透明な薄い水色に (Toumei na Usui Mizuiro ni)
- Genre: Romance; Drama; Yuri;
- Written by: Kiyoko Iwami
- Published by: Ichijinsha
- English publisher: NA: Seven Seas Entertainment;
- Magazine: Comic Yuri Hime
- Original run: October 18, 2017 – December 18, 2017
- Volumes: 1 (List of volumes)

= Transparent Light Blue =

Japanese manga series

Transparent Light Blue (透明な薄い水色に, Toumei na Usui Mizuiro ni) is a Japanese yuri manga series written and illustrated by Kiyoko Iwami. It was published in Ichijinsha's Comic Yuri Hime from October 18, 2017, to December 18, 2017, before being collected into a single tankōbon volume in 2018. It is licensed for an English-language release by Seven Seas Entertainment.

==Synopsis==
Ritsu, a high school girl who is in love with her childhood friend Ichika, has been keeping her feelings to herself. However, when her childhood friend Shun confesses his love for Ichika, their relationship turns into a love triangle.

==Publication==
Written and illustrated by Kiyoko Iwami, Transparent Light Blue was serialized in Ichijinsha's Comic Yuri Hime from October 18, 2017, to December 18, 2017. It was collected into a tankōbon volume on January 18, 2018, including two additional short stories "Apron" and "Shade".

The series is licensed for an English release in North America by Seven Seas Entertainment.

| No. | Original release date | Original ISBN | English release date | English ISBN |
|---|---|---|---|---|
| 1 | January 18, 2018 | 9784758077729 | April 2, 2019 | 978-1-642750-41-6 |

==Reception==
The series has received mixed to negative reviews. In Anime News Networks "Spring 2019 Manga Guide" Rebecca Silverman gave Transparent Light Blue a 2.5 rating and Faye Hopper gave it a 2 rating. While Silverman felt the series "treads a little too close to the “nonconsensual” line for me to be fully invested", she went on to note that "if sexier yuri (without any actual sex) is what you're looking for and those issues don't bother you, Transparent Light Blue delivers while feeling less trashy than Citrus." Hopper had a similar negative review, finding that "Transparent Light Blue is a case where all the awareness and understanding of how messed-up a situation is in the world can't salvage its overall content."
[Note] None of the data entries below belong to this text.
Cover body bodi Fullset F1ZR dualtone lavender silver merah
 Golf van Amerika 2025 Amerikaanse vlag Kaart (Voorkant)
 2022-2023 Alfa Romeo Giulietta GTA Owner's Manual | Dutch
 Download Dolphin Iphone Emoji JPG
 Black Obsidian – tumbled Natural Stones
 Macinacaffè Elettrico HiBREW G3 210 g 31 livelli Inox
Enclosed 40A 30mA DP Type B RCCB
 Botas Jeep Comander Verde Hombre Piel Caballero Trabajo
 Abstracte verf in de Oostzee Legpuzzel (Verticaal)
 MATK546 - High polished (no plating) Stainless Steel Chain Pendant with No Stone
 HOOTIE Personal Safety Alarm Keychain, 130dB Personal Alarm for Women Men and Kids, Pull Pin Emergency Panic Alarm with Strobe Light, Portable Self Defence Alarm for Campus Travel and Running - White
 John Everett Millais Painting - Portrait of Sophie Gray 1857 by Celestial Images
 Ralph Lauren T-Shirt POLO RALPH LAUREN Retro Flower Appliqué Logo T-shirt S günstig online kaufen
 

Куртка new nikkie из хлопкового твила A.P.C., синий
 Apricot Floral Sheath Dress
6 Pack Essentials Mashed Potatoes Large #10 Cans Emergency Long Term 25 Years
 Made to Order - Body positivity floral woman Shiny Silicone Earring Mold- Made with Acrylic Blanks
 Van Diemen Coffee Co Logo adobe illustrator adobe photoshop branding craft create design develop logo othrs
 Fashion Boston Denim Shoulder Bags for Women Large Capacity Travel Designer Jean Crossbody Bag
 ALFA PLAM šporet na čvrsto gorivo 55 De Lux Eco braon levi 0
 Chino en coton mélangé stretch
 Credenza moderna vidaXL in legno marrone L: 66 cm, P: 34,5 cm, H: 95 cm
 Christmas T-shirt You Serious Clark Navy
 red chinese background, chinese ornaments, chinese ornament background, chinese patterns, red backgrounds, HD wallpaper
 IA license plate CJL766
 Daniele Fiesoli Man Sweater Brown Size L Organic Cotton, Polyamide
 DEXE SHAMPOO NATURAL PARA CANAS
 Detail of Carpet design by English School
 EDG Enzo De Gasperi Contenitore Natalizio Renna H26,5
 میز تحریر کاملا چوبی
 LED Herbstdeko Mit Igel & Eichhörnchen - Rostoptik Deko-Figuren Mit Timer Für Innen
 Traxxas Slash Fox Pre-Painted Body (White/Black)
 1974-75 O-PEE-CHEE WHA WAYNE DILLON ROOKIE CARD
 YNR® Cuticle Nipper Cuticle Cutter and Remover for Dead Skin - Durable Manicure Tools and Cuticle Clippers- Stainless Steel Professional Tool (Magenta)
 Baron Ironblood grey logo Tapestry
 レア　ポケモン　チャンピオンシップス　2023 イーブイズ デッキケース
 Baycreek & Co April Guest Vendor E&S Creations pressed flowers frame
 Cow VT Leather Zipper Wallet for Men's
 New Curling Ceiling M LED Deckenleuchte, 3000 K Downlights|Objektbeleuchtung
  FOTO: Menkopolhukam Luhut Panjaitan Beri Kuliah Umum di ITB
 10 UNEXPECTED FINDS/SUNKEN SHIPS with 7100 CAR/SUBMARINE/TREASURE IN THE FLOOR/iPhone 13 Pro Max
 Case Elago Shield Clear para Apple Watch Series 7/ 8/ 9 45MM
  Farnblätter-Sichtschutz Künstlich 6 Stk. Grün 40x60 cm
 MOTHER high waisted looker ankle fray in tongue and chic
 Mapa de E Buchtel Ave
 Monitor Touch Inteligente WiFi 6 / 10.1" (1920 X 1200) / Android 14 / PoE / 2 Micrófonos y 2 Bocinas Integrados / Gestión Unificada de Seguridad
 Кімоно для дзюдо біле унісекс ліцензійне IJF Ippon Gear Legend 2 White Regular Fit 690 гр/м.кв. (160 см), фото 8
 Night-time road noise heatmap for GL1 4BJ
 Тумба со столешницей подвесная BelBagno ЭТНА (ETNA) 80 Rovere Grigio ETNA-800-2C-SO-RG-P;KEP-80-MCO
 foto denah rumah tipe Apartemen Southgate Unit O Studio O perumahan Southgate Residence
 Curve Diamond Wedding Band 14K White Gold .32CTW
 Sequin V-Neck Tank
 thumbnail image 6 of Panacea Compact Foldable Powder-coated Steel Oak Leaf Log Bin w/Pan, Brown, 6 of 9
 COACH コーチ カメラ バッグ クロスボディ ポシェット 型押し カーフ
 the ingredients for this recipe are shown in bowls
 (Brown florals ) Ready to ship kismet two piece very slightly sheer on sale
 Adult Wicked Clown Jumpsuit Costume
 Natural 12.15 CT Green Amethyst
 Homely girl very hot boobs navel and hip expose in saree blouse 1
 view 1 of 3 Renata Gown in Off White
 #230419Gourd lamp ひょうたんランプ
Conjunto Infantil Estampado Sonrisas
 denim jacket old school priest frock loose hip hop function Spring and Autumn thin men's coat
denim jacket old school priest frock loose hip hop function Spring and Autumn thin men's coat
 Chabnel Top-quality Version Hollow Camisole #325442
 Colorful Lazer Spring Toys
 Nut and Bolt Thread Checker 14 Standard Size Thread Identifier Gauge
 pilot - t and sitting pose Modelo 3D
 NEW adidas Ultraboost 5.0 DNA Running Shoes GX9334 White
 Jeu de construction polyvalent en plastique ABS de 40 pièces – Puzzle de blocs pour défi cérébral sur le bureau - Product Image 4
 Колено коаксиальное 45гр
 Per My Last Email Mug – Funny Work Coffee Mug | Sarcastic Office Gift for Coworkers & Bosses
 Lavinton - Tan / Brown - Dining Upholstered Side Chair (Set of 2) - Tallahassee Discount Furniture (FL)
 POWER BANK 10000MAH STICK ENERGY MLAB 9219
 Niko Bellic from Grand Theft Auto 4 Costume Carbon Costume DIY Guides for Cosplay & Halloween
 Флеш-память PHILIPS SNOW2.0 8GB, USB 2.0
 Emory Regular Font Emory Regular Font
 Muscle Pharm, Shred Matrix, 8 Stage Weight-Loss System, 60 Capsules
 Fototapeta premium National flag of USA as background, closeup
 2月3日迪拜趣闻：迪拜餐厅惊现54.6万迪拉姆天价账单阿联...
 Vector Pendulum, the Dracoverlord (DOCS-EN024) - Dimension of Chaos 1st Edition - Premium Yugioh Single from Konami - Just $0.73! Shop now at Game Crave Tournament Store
Reviewing the series for Otaku USA, Jason Bradley Thompson found the pacing "iffy", feeling the series tried to do too much in too few pages, concluding that "In both the central and secondary story, original ideas clash against clunky execution and sometimes crude artwork." Erica Friedman of Yuricon was more forgiving toward the series, giving it an overall 7 out of 10 and remarking that "In 2010, Transparent Light Blue would have felt like a triumph. In 2019, it feels a little regressive, but still delivers a dose of dopamine if you like soap opera."